Yes, that was my point. I wouldn’t even trust it with simple things, which doesn’t mean that I’m against others using it of course (if AI gets smart enough to understand and respect other people’s code licenses).
Very interesting article by Noam Chomsky explaining why AI models such as ChatGPT are still very far from being intelligent.
“However useful these programs may be in some narrow domains (they can be helpful in computer programming, for example . . .), we know from the science of linguistics and the philosophy of knowledge that they differ profoundly from how humans reason and use language. These differences place significant limitations on what these programs can do, encoding them with ineradicable defects.”
Chomsky had 60+ years to develop his theories and a lot of effort has been spent by him and his followers on formalizing grammar and on creating idealized, symbolic approaches to cognition. But nothing that emerged from this research has come even remotely close to the progress of approaches inspired by neural networks that we are seeing now. Despite enormous amounts of money spent into this area of research, the results of symbolic AI are not in an infant, but in fact have never left the amoebia stage. It should be clear by now that this approach leads nowhere. Chomsky has certainly had his chance. He would never admit that his thoughts have been wrong even if faced with one of the next releases of neurally inspired systems that may pass the Turing test.
Developing symbolic AI was never Chomsky’s field of work. Rather it is undestanding and modelling how we, humans, acquire a language, a process which is clearly diffent from the way something like ChatGPT is trained.
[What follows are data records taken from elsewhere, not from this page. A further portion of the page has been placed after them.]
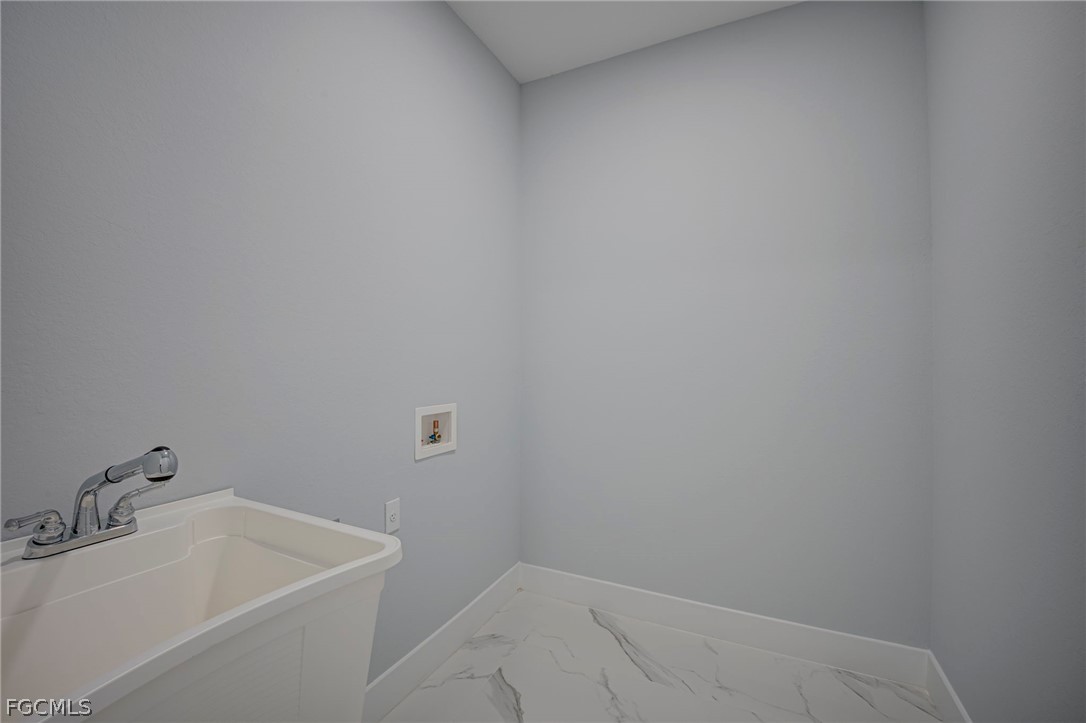 872 Spaulding St E Property Photo 25
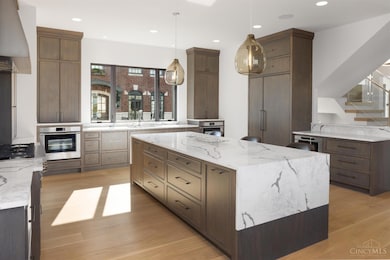 2920 Three Oaks Ln, Cincinnati, OH 45209 - photo 2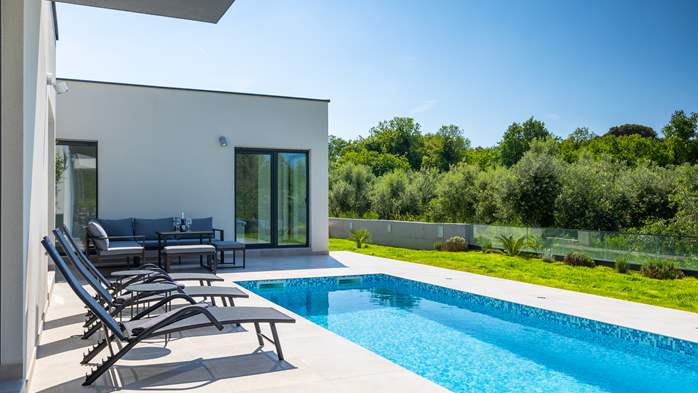 Modern Villa Vivre for 8 people with a private pool, 16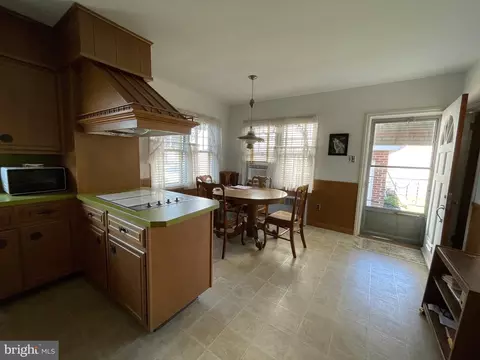 301 E Main St, Maple Shade, NJ 08052 photo 11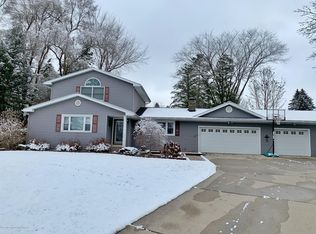 725 Oak St, Portland, MI 48875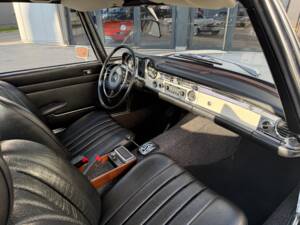 Bild 27/30 von Mercedes-Benz 280 SL (1970)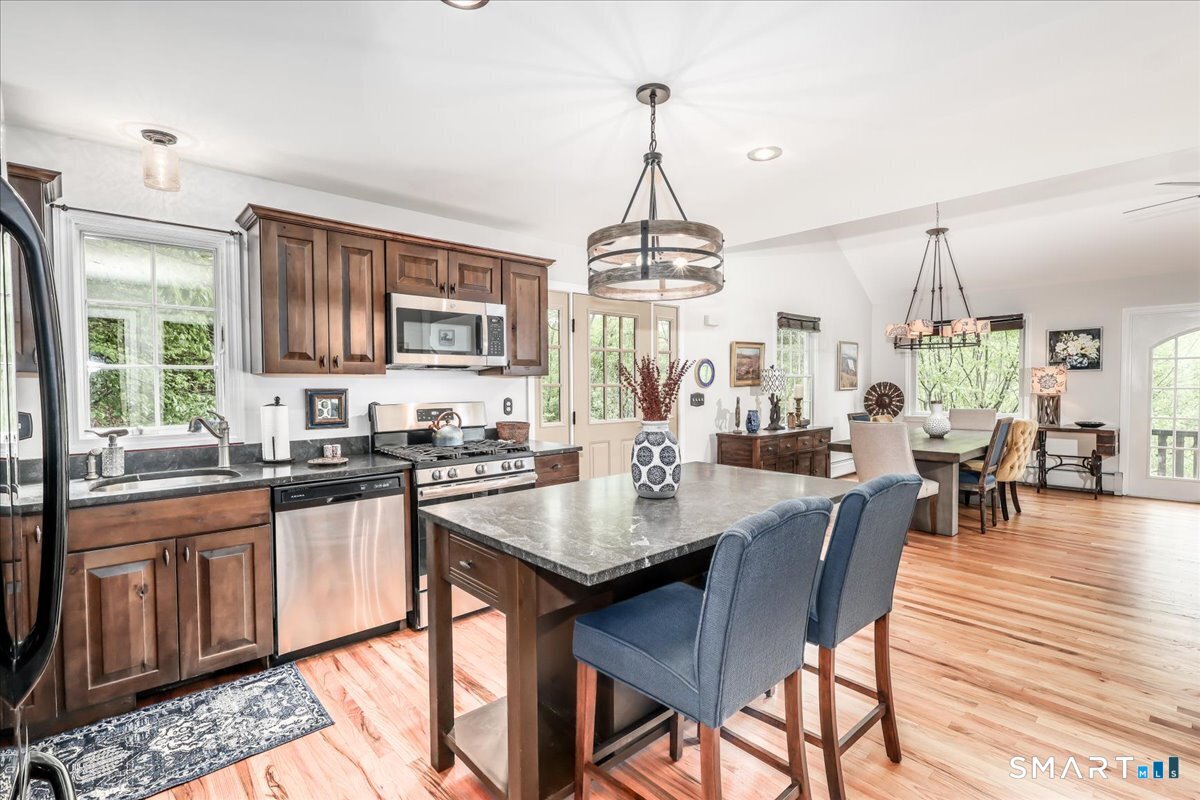 450 West Meetinghouse Road New Milford, CT 06776 - Photo 12 of 36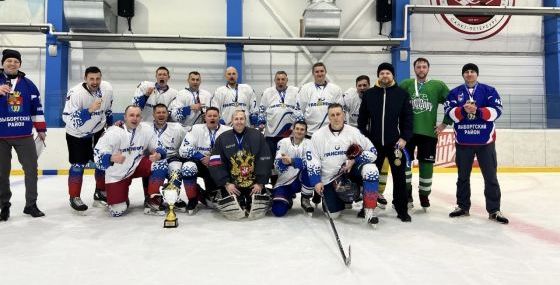 В хоккей играют настоящие мужчины…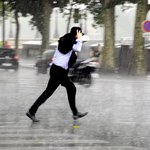 IMGW ostrzega: Silne deszcze i burze w dużej części kraju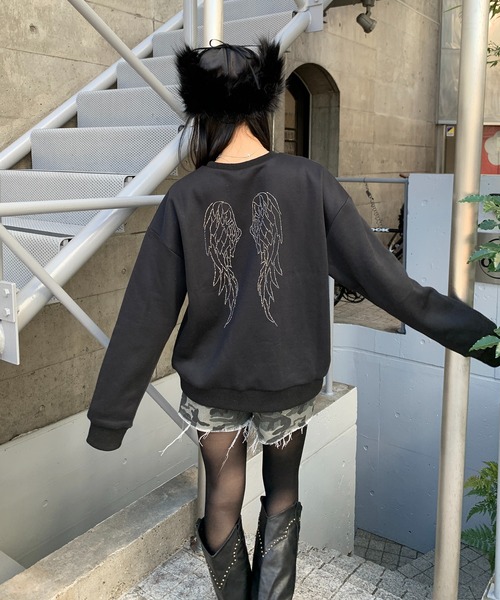 lilful（リルフル）の「羽モチーフ ラインストーン バックデザイン 裏起毛スウェット（スウェット・レディース・オートミール/ブラック/グレー・F）」の8枚目の写真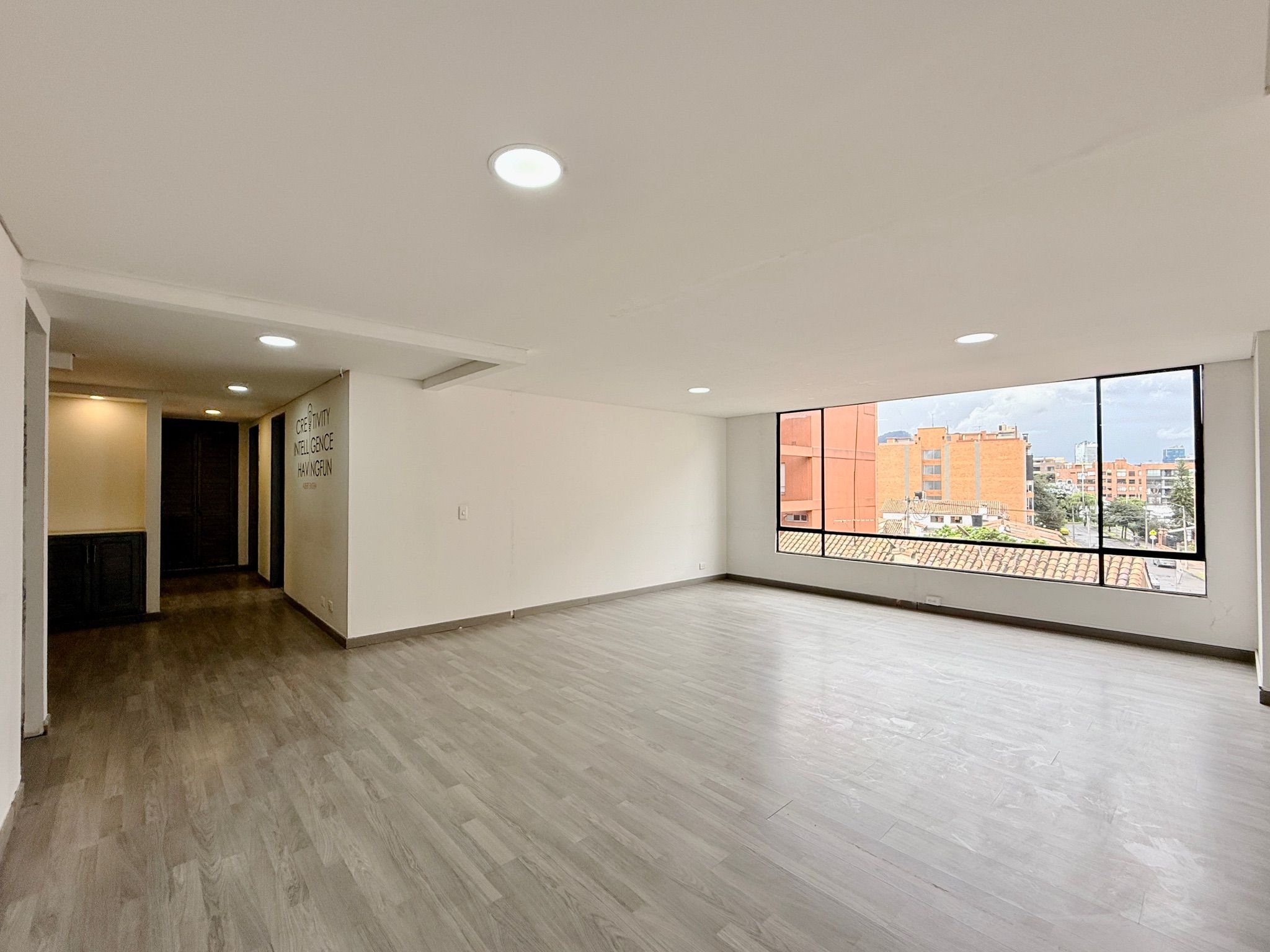 Oficina en venta Cundinamarca Bogotá San Patricio 104 m2 Habitaciones 0 Baños 2 Garajes 2 Precio $820000000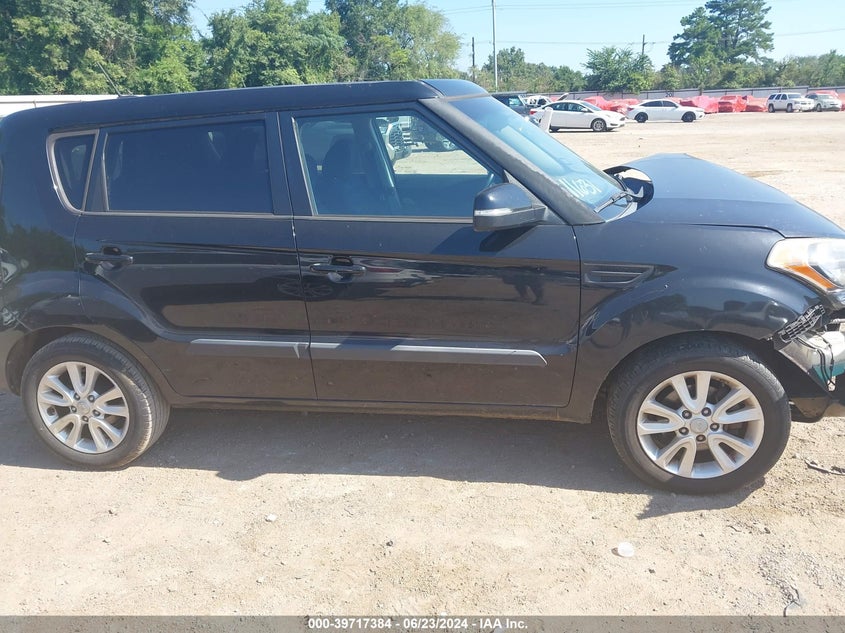 2013 Kia Soul +/!/Sport VIN: KNDJT2A60D758650 Lot: 39717384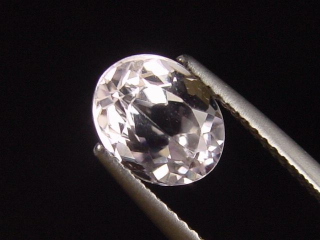 Kunzite 2,46 Ct. oval Brazil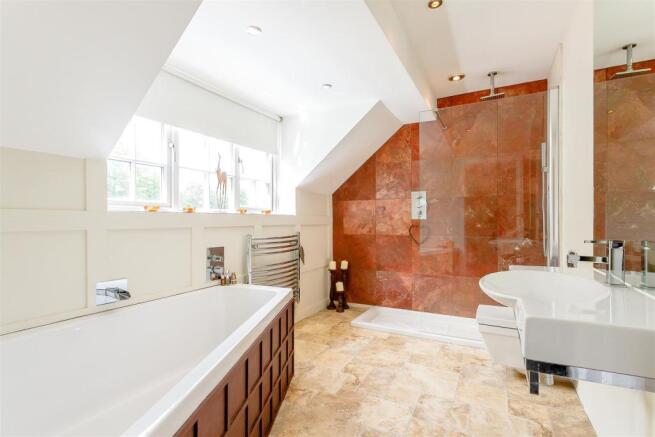 8342819-interior28.jpg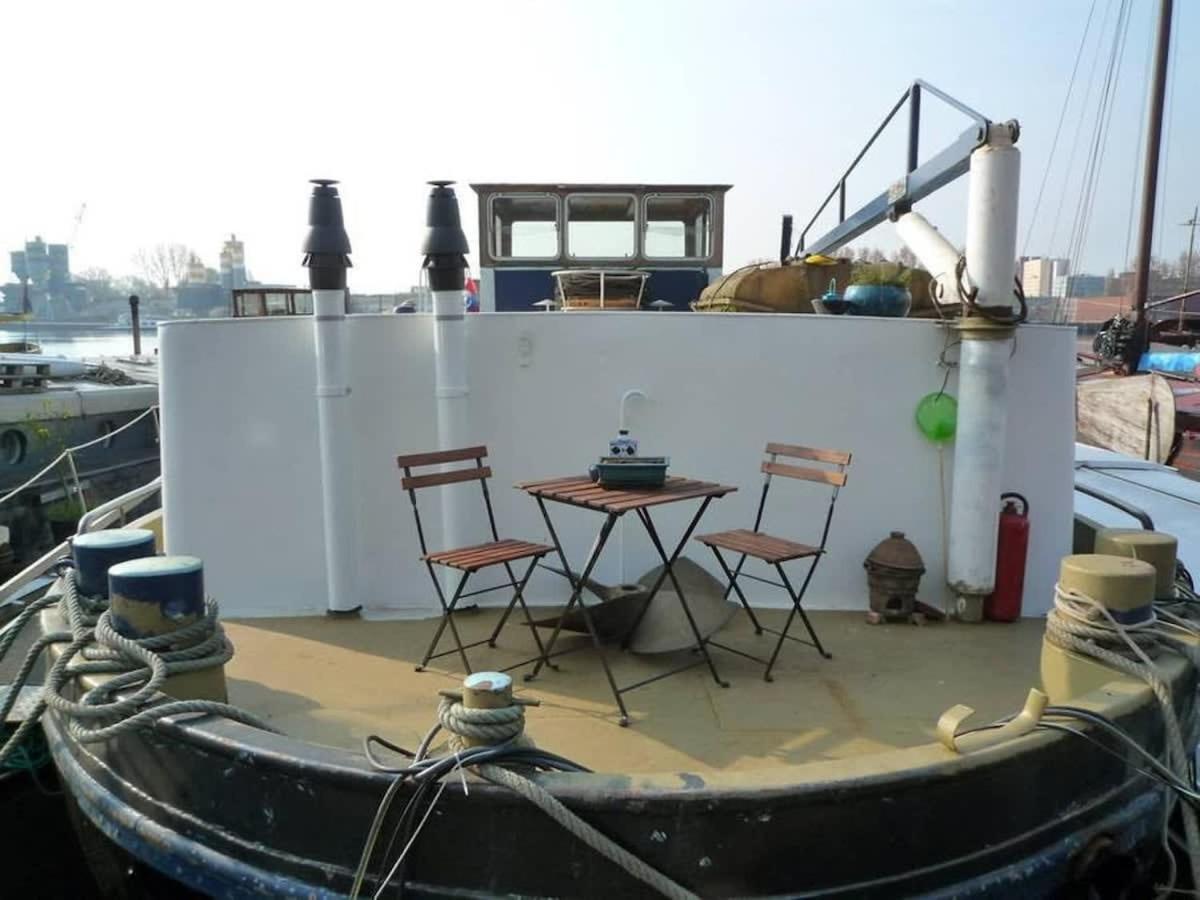 Houseboat Captain'S Quarters In Harbour Amsterdam Extérieur photo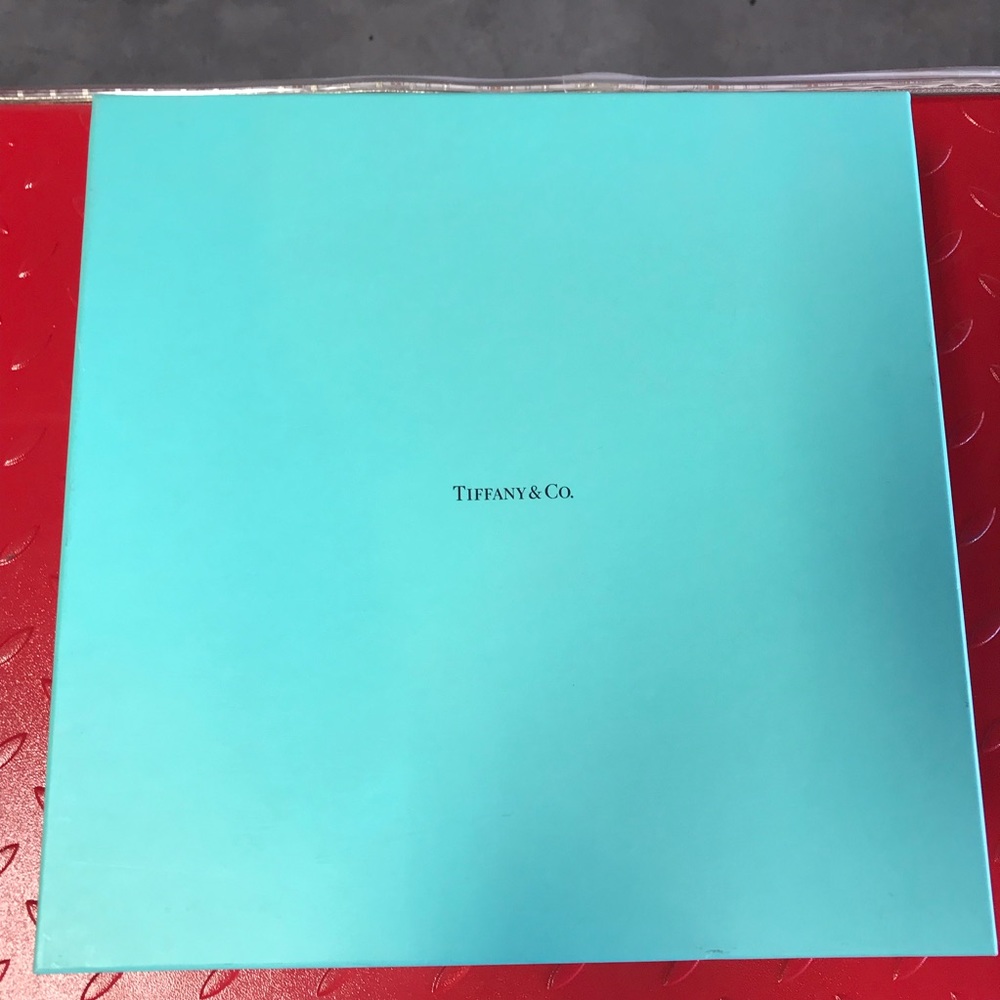 TIFFANY & CO BOX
A child, for example, is exposed to a truly minuscule amount of data by comparison. I therefore don’t see how the success of LLMs has any bearing on the validity of Chomsky’s work and his approach to cognition.
In the essay Chomsky bases himself on such fundamental differences to make his points. Whether his arguments are sound can of course be discussed (I, for instance, don’t think he provides particularly good examples), but I’m afraid you merely misrepresent his carreer. With regard to symbolic AI Chomsky would probably claim that as long as we don’t fully understand how we humans acquire a language, an essential source of insight will be missing from all AI engineering efforts.
I think this is an embarrassingly bad take from Chomsky.
I’m getting relatively old myself, and sometimes find it hard to accept significant change. But I’ve also been thinking about AI for a couple decades and for me it has -always- come back to a model directly in line with how LLMs operate. No matter how you pose a theory of mind, you can’t escape the web of correlations between symbols, correlations which can be recursively seen as symbols themselves. We’ve known for decades that the ground of physical reality as we know it is intrinsically probabilistic. I don’t see any reason to expect thought is any different.
Reason / logic are likely more akin to cosmic filaments – emergent patterns in a vast universe of relational probabilities. But people like Chomsky may never let go of what IMO amounts to a dated Newtonian view of the mind, because they’re simply too deeply invested.